** EXERCISE DESCRIPTION **
Please print exactly the line containing "Foto 5cfb2d11-8447-4927-bc40-43ca5445105f. Casa" and every line after it to the end of the records below, and nothing more.

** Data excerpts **
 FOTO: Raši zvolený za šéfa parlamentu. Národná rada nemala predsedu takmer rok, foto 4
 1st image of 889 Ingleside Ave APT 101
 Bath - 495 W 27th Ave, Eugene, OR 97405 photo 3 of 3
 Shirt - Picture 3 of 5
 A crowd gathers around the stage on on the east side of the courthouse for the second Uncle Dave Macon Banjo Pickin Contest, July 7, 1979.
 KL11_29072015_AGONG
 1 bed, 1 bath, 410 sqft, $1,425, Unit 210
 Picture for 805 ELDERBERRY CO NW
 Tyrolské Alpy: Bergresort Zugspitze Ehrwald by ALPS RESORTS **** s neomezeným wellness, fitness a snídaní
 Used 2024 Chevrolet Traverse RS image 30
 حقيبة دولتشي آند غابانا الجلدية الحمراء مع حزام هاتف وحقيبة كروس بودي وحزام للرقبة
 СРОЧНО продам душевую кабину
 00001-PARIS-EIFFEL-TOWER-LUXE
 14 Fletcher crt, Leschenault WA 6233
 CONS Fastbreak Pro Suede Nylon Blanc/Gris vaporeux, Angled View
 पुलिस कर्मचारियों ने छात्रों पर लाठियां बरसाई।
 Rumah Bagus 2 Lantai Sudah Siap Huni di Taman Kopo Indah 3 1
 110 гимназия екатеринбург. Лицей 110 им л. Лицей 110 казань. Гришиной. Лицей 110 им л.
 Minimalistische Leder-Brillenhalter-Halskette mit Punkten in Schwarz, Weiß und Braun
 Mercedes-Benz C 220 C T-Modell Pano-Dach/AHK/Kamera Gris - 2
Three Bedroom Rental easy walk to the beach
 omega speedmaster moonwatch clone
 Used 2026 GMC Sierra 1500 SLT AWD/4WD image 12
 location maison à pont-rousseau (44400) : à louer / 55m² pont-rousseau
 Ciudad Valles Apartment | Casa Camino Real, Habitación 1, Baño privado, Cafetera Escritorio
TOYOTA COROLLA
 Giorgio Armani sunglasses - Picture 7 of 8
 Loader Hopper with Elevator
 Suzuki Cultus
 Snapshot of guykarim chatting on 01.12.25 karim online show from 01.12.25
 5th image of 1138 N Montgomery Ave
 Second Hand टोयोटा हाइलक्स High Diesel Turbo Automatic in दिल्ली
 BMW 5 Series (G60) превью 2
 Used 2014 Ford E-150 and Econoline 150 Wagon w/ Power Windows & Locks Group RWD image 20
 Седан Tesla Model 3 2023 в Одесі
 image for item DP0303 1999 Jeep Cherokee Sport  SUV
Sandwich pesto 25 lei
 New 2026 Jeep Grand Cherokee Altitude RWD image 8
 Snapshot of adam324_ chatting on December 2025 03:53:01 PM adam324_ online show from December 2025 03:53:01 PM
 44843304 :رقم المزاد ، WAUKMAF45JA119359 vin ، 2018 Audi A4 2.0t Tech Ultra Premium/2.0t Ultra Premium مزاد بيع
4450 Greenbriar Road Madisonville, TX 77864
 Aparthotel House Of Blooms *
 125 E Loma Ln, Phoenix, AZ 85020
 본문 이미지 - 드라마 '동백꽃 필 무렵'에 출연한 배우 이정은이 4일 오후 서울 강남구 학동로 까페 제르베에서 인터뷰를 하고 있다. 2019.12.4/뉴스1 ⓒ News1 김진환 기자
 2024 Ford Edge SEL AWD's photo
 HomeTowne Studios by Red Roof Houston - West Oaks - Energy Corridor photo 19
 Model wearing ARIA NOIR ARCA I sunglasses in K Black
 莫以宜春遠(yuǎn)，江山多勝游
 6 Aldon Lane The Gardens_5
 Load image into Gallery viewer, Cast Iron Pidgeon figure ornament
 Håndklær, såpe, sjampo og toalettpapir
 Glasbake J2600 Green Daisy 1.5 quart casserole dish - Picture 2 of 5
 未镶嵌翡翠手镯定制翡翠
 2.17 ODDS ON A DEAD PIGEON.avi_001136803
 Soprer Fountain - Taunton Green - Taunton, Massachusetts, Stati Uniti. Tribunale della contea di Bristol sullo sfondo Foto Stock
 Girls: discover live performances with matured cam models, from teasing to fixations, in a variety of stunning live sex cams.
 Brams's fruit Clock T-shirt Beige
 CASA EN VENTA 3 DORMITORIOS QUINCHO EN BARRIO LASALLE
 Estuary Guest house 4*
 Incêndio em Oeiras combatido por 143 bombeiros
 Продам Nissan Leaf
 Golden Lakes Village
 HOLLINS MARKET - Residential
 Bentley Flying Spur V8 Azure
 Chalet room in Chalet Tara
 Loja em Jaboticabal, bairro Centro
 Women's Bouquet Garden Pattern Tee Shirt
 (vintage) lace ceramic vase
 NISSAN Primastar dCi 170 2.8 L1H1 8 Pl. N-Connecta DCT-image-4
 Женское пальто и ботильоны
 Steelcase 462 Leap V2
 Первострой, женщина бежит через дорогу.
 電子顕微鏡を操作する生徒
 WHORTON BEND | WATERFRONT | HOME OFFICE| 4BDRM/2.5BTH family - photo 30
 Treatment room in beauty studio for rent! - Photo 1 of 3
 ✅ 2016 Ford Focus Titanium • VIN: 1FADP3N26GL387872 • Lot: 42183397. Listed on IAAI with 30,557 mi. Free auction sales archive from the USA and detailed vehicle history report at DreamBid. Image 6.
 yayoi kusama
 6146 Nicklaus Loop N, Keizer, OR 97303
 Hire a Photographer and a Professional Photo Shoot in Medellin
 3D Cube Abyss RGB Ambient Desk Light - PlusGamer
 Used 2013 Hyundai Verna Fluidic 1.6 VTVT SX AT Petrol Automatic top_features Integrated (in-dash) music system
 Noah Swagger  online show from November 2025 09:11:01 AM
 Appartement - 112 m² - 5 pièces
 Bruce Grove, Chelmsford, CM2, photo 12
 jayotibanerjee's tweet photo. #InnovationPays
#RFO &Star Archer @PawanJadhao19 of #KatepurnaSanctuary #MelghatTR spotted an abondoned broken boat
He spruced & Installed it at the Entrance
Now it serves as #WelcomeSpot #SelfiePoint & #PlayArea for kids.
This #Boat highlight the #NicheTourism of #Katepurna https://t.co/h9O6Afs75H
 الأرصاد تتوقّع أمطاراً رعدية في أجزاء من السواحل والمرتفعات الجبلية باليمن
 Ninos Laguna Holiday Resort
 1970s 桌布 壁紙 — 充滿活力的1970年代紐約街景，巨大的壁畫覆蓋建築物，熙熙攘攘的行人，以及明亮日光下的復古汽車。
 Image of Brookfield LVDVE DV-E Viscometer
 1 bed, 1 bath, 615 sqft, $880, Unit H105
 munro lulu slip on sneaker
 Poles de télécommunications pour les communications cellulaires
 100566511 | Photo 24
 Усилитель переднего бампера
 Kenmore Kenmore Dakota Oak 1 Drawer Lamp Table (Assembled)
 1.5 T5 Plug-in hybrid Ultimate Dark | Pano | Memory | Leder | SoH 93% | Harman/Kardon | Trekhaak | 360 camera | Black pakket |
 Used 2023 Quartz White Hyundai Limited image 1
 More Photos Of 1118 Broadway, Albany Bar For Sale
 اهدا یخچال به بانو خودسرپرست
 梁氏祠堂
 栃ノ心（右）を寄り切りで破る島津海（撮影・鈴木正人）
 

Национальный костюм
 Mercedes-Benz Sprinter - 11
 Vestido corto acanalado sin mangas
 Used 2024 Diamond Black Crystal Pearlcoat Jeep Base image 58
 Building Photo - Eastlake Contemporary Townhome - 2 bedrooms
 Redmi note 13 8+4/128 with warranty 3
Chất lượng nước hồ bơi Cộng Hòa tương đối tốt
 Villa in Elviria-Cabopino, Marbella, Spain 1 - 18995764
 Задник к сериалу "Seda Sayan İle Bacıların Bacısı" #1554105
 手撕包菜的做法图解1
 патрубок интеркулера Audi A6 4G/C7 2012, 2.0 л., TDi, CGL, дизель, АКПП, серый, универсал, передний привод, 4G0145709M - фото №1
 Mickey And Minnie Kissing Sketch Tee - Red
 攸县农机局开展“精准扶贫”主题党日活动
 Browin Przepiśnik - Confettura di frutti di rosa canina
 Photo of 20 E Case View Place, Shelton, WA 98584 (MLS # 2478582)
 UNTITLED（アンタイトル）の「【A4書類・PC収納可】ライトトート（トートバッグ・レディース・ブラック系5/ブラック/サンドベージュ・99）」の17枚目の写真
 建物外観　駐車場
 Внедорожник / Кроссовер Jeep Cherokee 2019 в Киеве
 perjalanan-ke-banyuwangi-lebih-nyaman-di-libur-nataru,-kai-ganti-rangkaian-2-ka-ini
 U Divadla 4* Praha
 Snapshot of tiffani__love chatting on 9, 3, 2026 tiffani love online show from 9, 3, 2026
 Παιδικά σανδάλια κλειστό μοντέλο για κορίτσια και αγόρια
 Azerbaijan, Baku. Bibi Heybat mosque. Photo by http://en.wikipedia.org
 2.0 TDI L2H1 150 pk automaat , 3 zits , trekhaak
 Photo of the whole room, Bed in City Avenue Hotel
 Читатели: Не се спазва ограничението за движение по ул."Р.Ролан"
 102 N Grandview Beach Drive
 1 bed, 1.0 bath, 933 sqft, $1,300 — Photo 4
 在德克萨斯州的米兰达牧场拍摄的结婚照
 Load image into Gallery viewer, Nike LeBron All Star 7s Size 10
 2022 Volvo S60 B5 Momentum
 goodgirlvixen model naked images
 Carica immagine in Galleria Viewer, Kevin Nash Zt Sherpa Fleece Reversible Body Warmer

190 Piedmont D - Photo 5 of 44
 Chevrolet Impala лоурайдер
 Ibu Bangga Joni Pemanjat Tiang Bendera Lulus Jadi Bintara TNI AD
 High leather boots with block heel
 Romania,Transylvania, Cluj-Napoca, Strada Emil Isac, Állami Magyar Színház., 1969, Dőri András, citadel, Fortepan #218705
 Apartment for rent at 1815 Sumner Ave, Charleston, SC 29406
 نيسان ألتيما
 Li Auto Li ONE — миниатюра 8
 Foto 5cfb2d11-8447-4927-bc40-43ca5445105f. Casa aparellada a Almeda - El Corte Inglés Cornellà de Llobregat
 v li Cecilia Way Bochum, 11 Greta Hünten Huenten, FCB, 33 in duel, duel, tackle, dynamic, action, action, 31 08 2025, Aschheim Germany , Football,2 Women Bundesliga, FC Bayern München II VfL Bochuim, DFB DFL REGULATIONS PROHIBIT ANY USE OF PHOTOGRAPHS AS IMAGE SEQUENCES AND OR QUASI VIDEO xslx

** SOLUTION FOR THIS TASK **
 Foto 5cfb2d11-8447-4927-bc40-43ca5445105f. Casa aparellada a Almeda - El Corte Inglés Cornellà de Llobregat
 v li Cecilia Way Bochum, 11 Greta Hünten Huenten, FCB, 33 in duel, duel, tackle, dynamic, action, action, 31 08 2025, Aschheim Germany , Football,2 Women Bundesliga, FC Bayern München II VfL Bochuim, DFB DFL REGULATIONS PROHIBIT ANY USE OF PHOTOGRAPHS AS IMAGE SEQUENCES AND OR QUASI VIDEO xslx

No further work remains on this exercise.